45.This area of the law has been the subject of a comprehensive study by the Law Commission, who published a report of their conclusions and recommendations for reform in October 2001: “Evidence of Bad Character in Criminal Proceedings” (Report No. 273). It was also considered by Sir Robin Auld during his Review of the Criminal Courts, which also reported in October 2001. Both offered substantial criticism of the present rules.
46.The Government’s approach has been closely informed by both reports and was set out in the Criminal Justice White Paper “Justice for All” (Cm 5563, July 2002). The Act’s provisions are intended to provide a comprehensive set of rules for the admissibility of this sort of evidence in respect both of witnesses and defendants. Accordingly, the existing common law rules are abolished and other statute law substantially repealed.
47.Chapter 2 makes further changes to the rules of evidence by reforming the law relating to the admissibility of hearsay evidence in criminal proceedings.
48.The common law rule against the admission of hearsay evidence is generally accepted as meaning that ‘an assertion other than one made by a person while giving oral evidence in the proceedings is inadmissible as evidence of any fact or opinion asserted’. This means that only a statement given by a witness orally in court proceedings is admissible as evidence of the facts as they represent them. The main implication of this rule is that witnesses must give oral evidence in court from first-hand knowledge, and may not repeat what other people have told them. For example:
Written records are inadmissible evidence of the matters they contain;
Witnesses must give oral evidence and a written statement cannot be a substitute for their personal appearance in the witness box;
Witnesses must give evidence from first hand knowledge and may not repeat what other people have told them; and
Previous out of court oral statements made by the witness themselves are inadmissible evidence of the matters they contain.
49.There are several exceptions to this rule, some of which are found in common law and some in statute.

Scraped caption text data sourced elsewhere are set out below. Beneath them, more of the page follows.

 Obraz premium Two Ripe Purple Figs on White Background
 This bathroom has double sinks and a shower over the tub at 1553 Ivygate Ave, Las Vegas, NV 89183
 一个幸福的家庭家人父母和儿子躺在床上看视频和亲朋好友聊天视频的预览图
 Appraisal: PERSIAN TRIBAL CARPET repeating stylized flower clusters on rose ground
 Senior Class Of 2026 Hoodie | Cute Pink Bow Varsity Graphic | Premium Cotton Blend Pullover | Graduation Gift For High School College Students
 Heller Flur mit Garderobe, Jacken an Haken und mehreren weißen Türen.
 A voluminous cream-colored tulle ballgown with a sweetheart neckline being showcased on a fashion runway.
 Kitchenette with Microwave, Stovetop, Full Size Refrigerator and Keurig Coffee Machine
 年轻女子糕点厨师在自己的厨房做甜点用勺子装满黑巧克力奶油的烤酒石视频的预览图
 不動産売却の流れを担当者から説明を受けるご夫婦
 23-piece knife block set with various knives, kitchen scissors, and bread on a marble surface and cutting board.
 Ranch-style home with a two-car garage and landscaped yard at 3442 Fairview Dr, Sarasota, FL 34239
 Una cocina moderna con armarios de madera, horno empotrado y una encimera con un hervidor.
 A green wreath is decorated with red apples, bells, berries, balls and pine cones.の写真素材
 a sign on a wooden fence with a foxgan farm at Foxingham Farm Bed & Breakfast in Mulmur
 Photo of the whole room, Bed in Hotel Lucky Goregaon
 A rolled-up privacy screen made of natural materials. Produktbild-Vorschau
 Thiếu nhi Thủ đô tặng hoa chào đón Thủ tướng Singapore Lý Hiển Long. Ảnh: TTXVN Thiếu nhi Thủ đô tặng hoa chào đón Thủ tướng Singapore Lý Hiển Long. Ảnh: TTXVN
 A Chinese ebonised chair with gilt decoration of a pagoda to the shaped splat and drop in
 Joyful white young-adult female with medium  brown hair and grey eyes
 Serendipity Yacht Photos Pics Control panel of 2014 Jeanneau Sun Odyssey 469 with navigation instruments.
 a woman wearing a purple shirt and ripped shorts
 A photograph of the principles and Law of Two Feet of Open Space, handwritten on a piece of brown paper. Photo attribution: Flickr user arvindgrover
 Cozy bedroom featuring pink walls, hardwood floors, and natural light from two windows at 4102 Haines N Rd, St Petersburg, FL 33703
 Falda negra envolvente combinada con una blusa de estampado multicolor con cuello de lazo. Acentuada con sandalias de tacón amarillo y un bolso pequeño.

Both the common law rule and the way in which the exceptions operate, however, have been the subject of considerable criticism.
50.This area of the law was the subject of a Law Commission Report Evidence in Criminal Proceedings: Hearsay and Related Topics (Report No 245) in 1997, which included 50 recommendations for reform and incorporated a draft Bill. This area of law was again considered by Sir Robin Auld as part of his Review. Sir Robin Auld concluded that we should move away from the strict rule against the admission of hearsay evidence in criminal proceedings, to a more flexible position where we admit such evidence and instead trust fact-finders to assess the weight of the evidence.
51.The provisions in Chapter 2 of Part 11 are intended, so far as necessary, to codify the law relating to the admissibility of out of court statements in criminal proceedings. They aim to simplify the law and to provide greater certainty as to the circumstances when such evidence will be admitted. The main provisions (in Sections 114 and 115) remove the old common law rule against the admission of hearsay evidence and provide that such evidence will be admissible (on behalf of the prosecution and defence) provided certain safeguards are met.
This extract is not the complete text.